[Short descriptive text snippets]
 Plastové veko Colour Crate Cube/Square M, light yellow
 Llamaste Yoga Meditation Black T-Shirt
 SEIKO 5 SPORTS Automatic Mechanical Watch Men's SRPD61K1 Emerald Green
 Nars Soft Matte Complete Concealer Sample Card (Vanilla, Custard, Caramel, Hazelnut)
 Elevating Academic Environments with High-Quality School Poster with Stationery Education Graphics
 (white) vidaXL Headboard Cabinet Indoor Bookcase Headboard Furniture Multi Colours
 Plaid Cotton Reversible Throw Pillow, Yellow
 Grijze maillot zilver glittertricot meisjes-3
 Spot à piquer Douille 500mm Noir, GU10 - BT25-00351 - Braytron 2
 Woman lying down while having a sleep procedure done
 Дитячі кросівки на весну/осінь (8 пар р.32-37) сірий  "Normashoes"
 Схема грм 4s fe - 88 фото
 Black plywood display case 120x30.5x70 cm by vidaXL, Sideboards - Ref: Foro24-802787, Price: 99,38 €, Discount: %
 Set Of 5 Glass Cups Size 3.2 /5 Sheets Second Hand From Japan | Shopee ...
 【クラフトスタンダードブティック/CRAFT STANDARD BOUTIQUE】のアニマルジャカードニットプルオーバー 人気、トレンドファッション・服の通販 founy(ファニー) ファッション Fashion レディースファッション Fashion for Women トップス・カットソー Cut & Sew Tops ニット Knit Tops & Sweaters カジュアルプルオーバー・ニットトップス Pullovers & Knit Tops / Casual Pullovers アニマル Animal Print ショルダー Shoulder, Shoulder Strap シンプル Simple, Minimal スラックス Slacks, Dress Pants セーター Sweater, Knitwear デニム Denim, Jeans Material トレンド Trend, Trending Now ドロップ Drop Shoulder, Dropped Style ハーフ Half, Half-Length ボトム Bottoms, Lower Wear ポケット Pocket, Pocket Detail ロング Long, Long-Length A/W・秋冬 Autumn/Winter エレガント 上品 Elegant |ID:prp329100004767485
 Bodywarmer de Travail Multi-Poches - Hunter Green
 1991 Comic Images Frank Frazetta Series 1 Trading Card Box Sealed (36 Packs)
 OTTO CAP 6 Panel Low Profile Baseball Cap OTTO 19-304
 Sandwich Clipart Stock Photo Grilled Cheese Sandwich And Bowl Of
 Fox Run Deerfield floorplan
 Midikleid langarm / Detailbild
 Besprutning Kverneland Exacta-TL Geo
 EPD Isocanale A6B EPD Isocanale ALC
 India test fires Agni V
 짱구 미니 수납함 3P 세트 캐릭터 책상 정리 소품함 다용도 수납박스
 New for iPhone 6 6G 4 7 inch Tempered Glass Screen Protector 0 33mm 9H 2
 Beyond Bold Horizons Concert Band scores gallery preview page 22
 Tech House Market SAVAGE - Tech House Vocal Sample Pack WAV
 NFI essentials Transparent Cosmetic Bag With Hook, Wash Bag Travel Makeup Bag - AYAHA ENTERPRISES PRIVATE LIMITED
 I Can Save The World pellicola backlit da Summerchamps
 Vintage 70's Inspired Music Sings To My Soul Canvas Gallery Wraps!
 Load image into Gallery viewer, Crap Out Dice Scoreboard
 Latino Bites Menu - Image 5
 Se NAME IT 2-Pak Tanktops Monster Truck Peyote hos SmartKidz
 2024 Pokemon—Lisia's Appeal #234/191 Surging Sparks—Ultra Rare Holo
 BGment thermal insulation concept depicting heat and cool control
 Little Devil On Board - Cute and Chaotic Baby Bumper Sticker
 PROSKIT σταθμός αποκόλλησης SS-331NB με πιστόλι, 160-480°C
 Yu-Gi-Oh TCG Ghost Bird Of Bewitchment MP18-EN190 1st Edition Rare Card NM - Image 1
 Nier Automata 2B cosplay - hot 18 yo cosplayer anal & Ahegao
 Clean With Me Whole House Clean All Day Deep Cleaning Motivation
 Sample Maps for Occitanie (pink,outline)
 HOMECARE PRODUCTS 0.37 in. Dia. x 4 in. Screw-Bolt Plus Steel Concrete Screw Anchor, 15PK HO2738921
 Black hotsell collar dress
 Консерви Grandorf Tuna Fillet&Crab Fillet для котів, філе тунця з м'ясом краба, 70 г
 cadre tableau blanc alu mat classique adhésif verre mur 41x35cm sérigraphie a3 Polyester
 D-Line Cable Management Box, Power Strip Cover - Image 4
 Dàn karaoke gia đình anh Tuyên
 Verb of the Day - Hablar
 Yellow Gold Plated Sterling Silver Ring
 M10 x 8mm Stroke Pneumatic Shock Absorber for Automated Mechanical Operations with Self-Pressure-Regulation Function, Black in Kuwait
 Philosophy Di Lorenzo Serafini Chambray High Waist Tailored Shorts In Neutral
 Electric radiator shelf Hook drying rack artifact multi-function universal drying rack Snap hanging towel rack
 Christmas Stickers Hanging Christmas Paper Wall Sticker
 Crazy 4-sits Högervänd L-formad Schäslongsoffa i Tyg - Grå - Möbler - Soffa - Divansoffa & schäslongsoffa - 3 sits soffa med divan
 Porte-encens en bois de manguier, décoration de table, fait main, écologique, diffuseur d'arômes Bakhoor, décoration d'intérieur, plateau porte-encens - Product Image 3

> **EXERCISE PROMPT**: Give the count of lines in the records that contain "vidaXL", and no other text.

> **ANSWER SPACE**: 2